Ce film américain sorti en 1942 est ce que j’appellerais une comédie sérieuse et intelligente. La production ayant commencé alors qu’Hitler ravageait l’Europe, son intention était de ridiculiser le Führer et son armée, et le résultat est parfait. On se délecte de cette dérision savamment dosée.

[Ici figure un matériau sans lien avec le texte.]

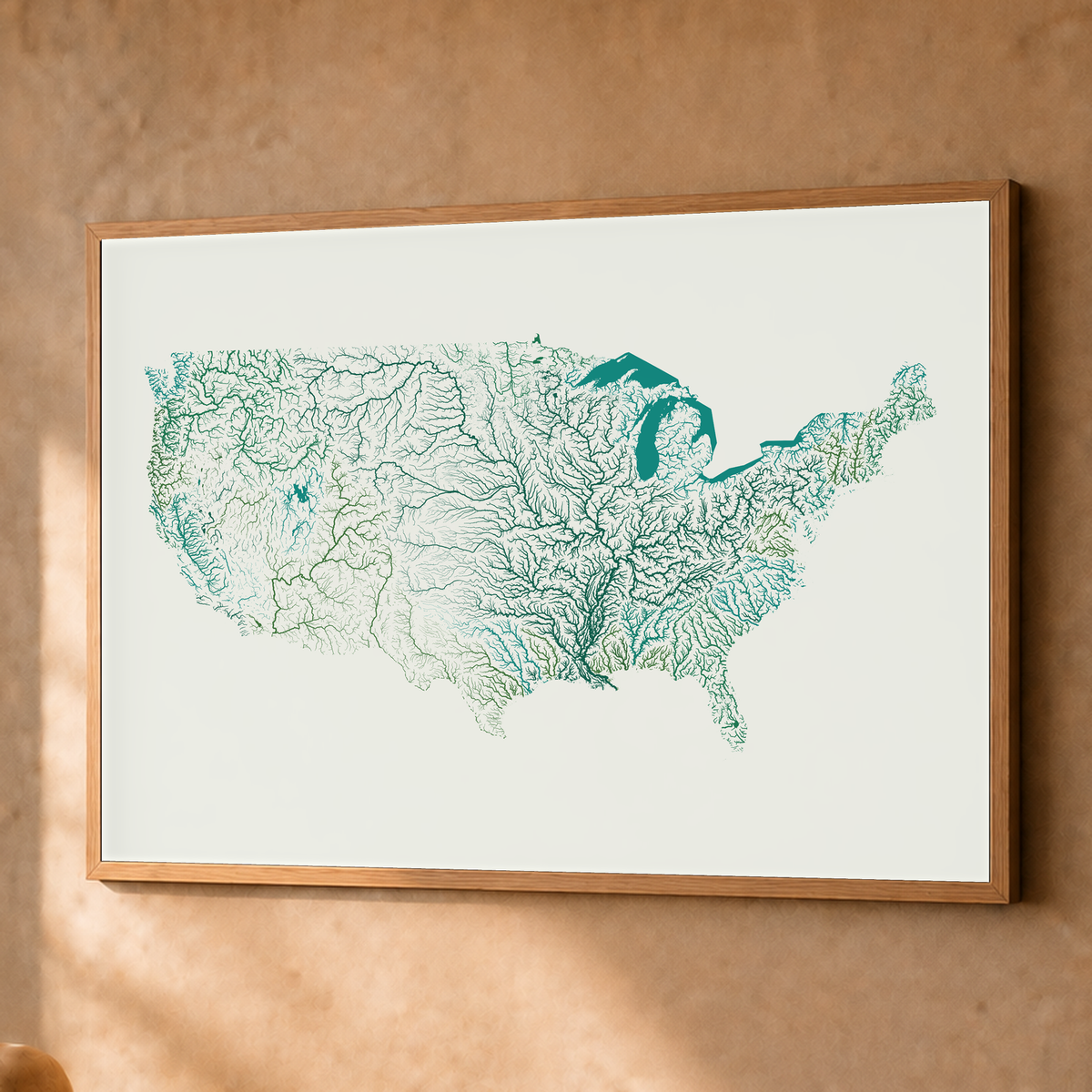 Beautiful Rivers — Estados Unidos — Verde jade e porcelana, Fine art emoldurado · 60 × 80 cm, Natural · Sem margem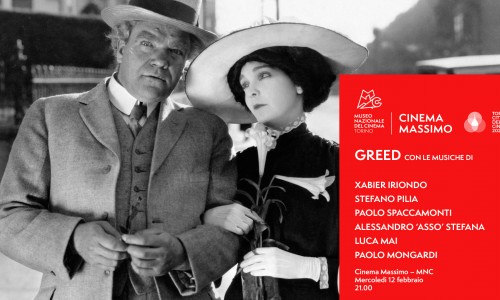 ‘Greed’ la sonorizzazione: Iriondo, Pilia, Spaccamonti, Asso, Mai, Mongardi - Cinema Massimo 1 febbraio 2020 Torino
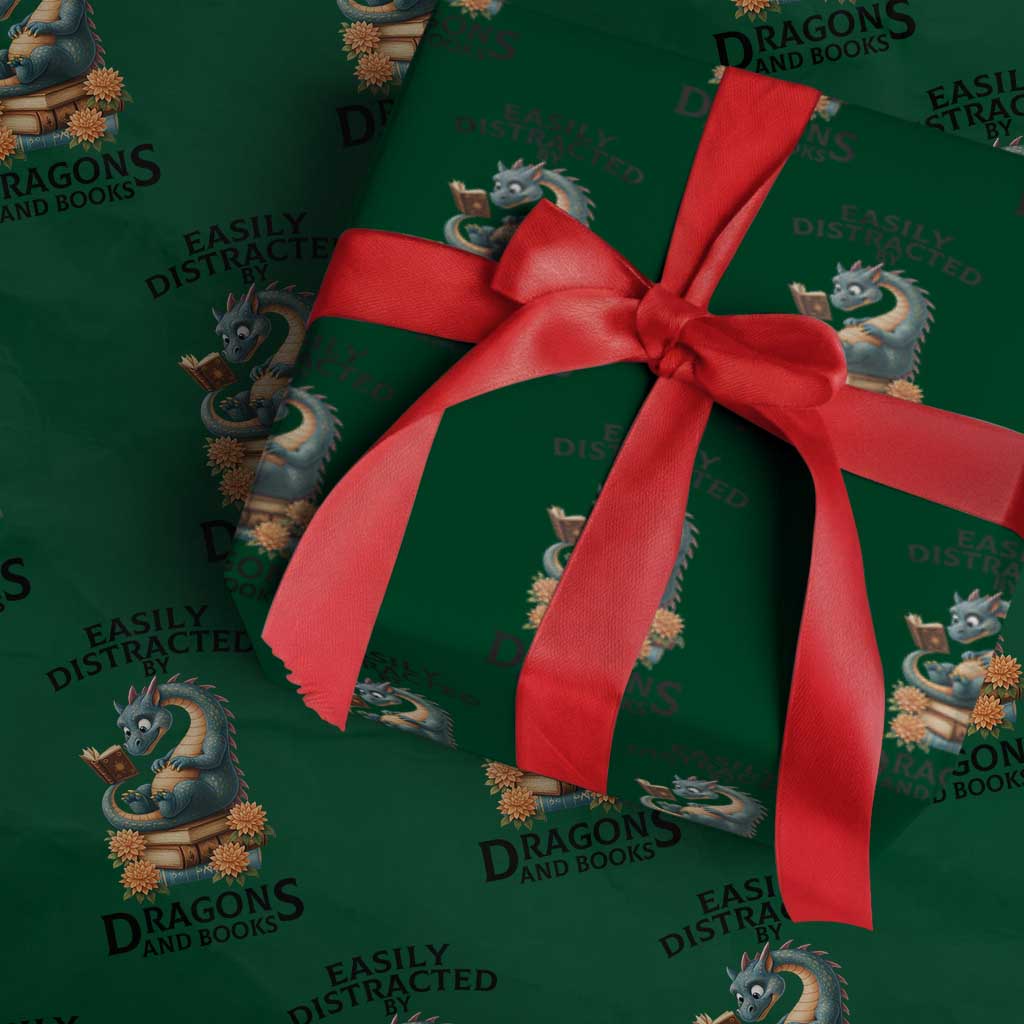 Easily Distracted By Dragon And Books Wrapping Paper Roll Cute Book Lover Gift - Wonder Print Shop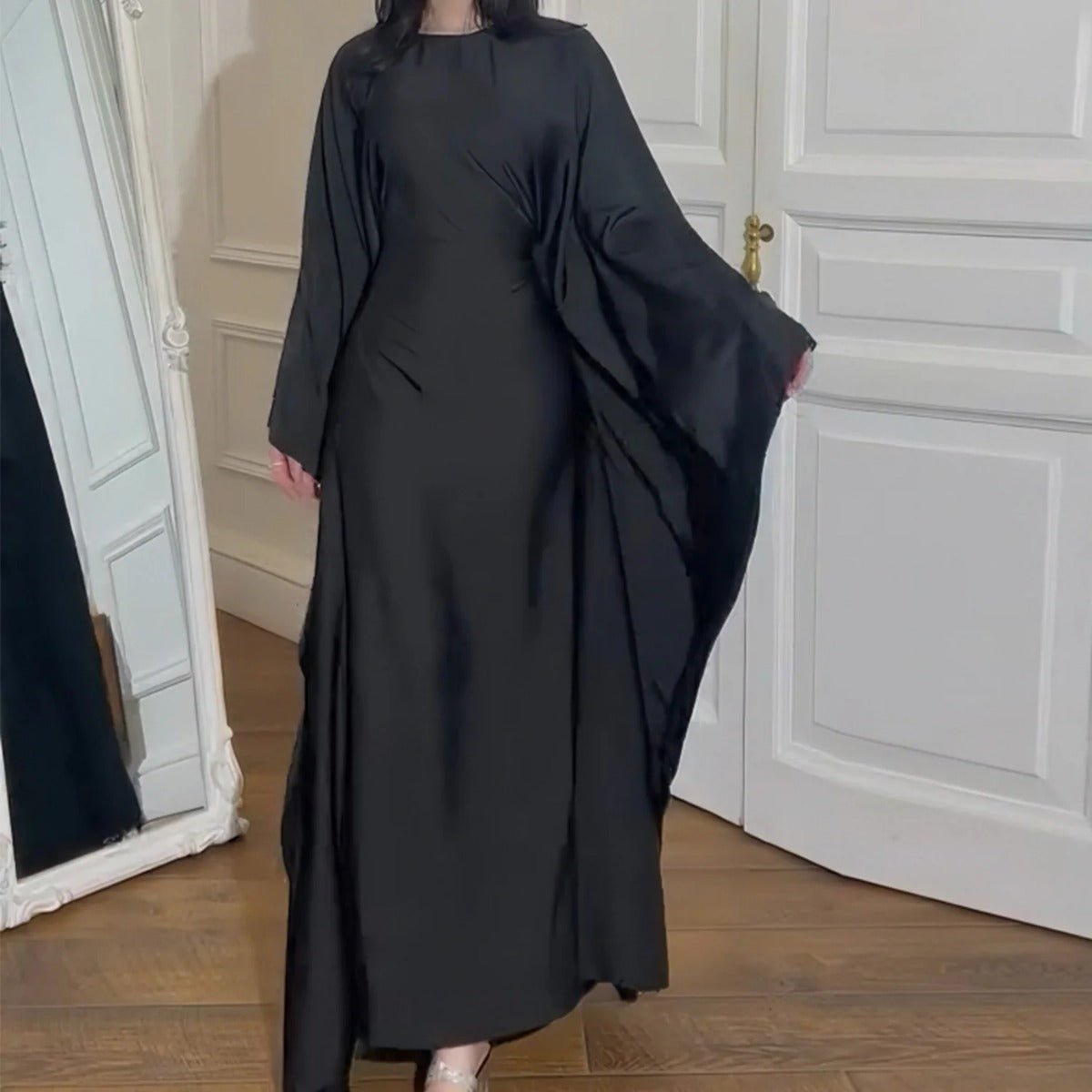 Spring/Summer Evening Wear Celestial Glow Robe Dress Collection |Batwing Sleeve Party Dresses with Metallic Sheen. (MA247) - Mariam's Collection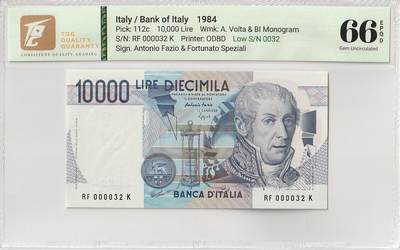 2026三月第三期，总第220期 - 【社长藏品特殊标】意大利1984版10000里拉TQG66epqd 十位小号000032 物理学家伏打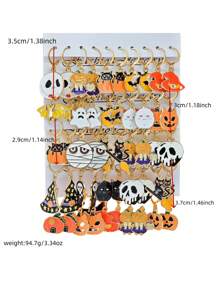 10 Stücke/50 Stücke neue Lustige Halloween Ohrringe, Gothic Schädel, Geistgesicht, schwarze Katze, Kürbis, Fledermaus Ohrhänger Schmuckset aus Zinklegierung für Frauen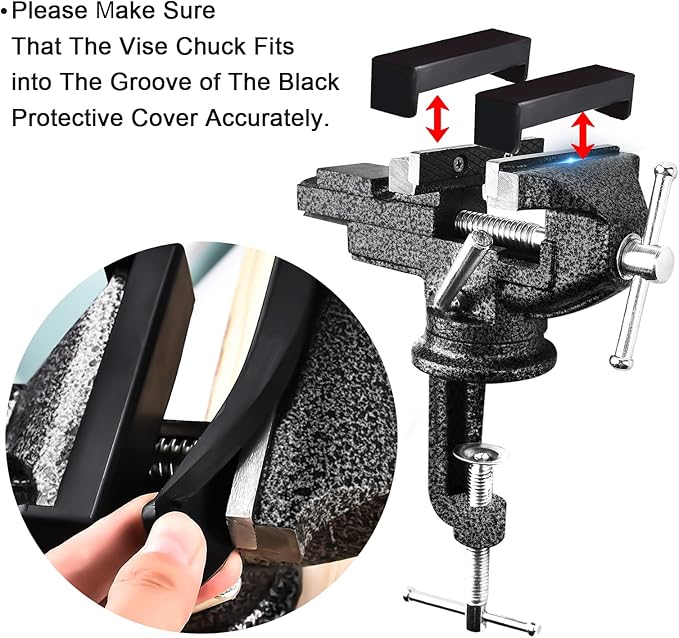 GOXAWEE Universal Bench Vise, 3.15 Inch Table Clamp, 360° Swivel Base, Small Home Vice, Clamp-on Tool for Woodworking, Cutting Conduit, Small DIY Projects, Craft Creation, Sculpting and Modeling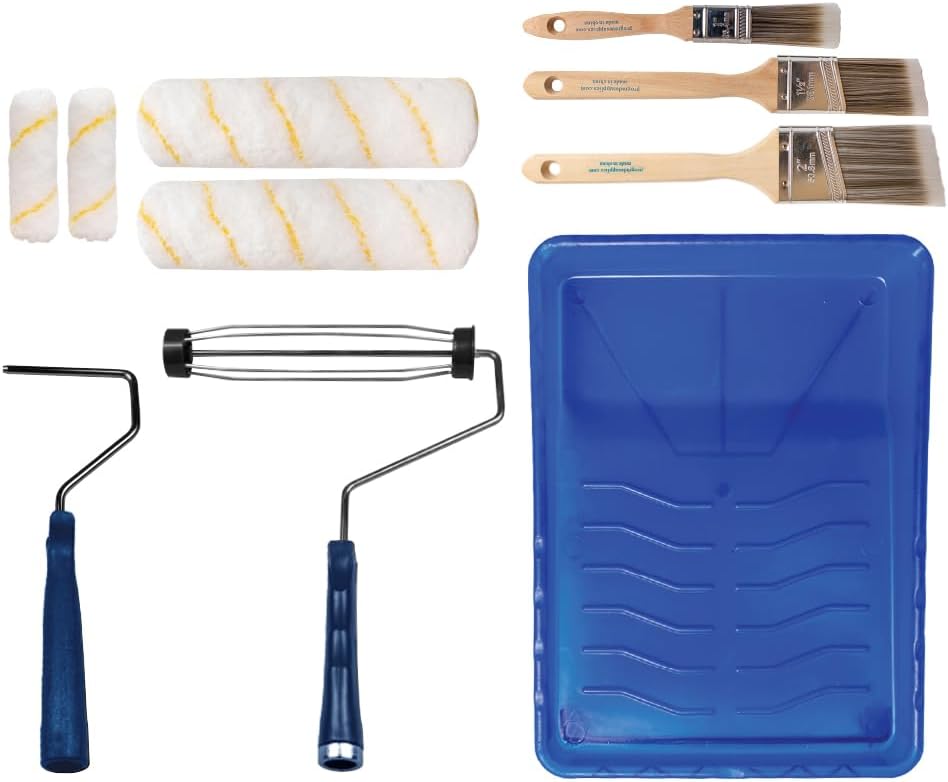 Paint Roller Kit, Brush & Roller,10 Piece Set, Wall Painting Naps for Professionals & Homeowners - All Paints & Stains, Washable, Reusable, Easy to Clean, Superior Absorbency.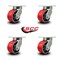 Service Caster 6 Inch Extra Heavy Duty Red Poly on Cast Iron Wheel Swivel Caster, 4PK SCC-KP92S630-PUR-RS-4 - alternate 2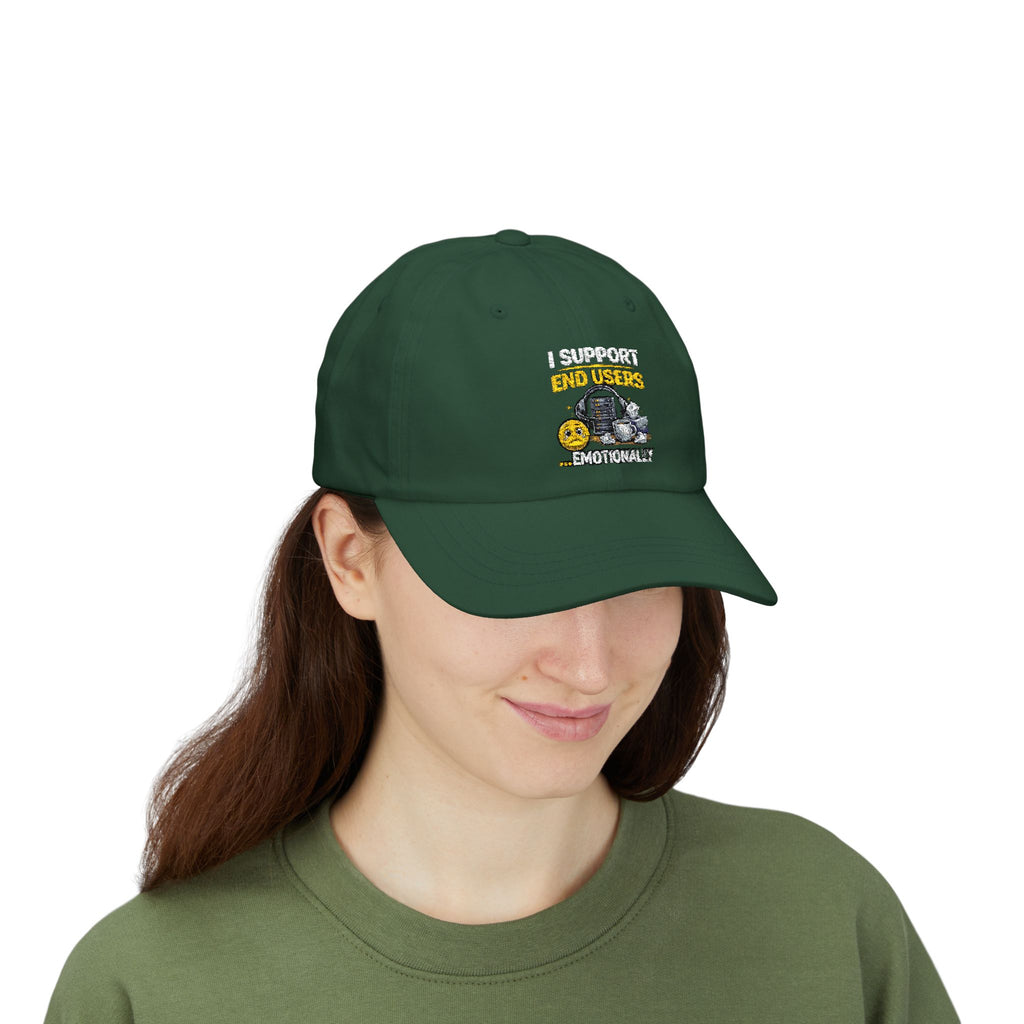 "I Support End Users...Emotionally" Tech Humor Funny IT Baseball Hat/Cap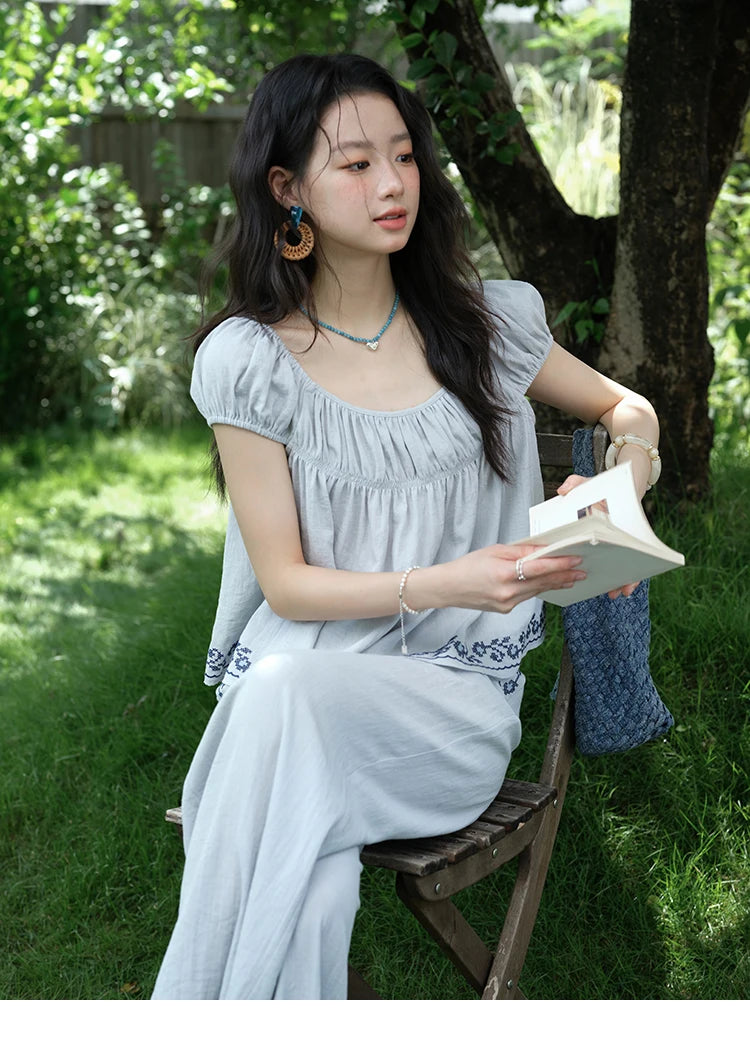 Mishow Embroidery Flower Round Neck Blouse & Pocket Wide Leg Pants Set MXE39T0669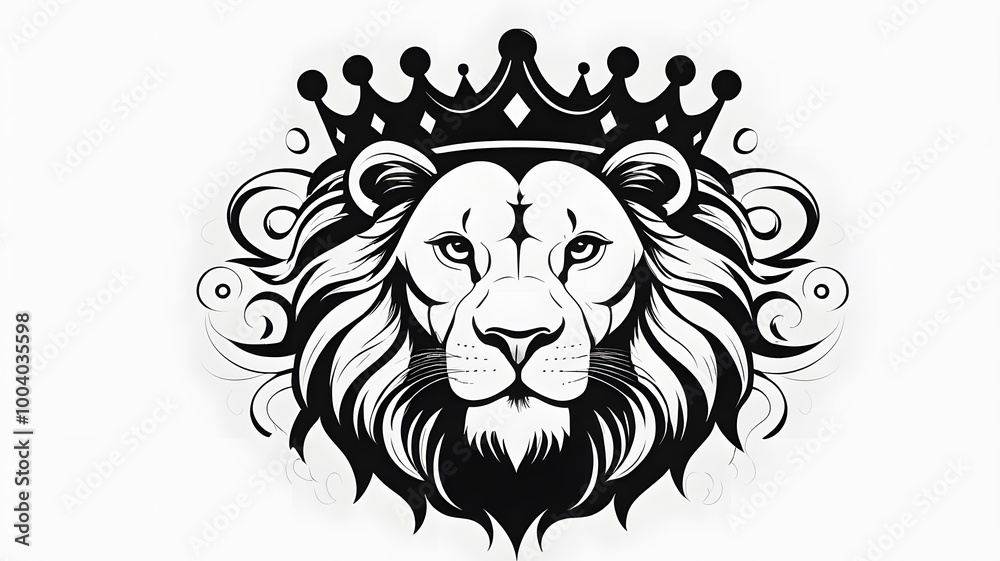 Illustration of a majestic lion head with a crown, representing strength and royalty Illustration of a majestic lion head with a crown, representing strength and royalty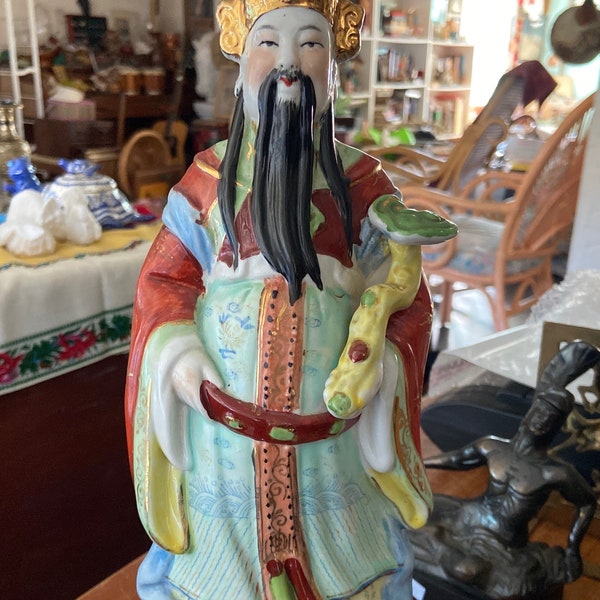 Vintage Chinese Emperor Lu ceramic,Luk, star of Lu,abundance,affluence,prosperity,one of 3 immortals,feng shui,chinese lore,oriental emperor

L’histoire met en scène une troupe d’acteurs polonais qui pour la patrie endosse les rôles d’espions au sein de la Gestapo et n’hésite pas à se grimer en nazi, une idée brillante qui contribue à de nombreuses séquences drôles et inattendues. Si l’intrigue tarde à commencer et que le rythme manque un peu d’élan, l’humour est audacieux et intéressant, et il fonctionne bien sûr. L’intrigue et le suspens sont aussi des éléments satisfaisants de ce spectacle. Les décors et l’ambiance sonore manquent un peu de variété, mais ce n’est pas très dérangeant.
Les acteurs sont très bons. Carole Lombard dans le rôle principal est exceptionnelle. Jack Benny, qui joue son mari, nous apparait au départ un peu antipathique, puis très vite on se prend d’affection pour lui, à la hauteur des risques considérables qu’il prend dans sa mission. On lui doit aussi la plupart des scènes les plus satisfaisantes du film. Les autres acteurs ne déméritent pas, et aucun ne passa à côté de son interprétation.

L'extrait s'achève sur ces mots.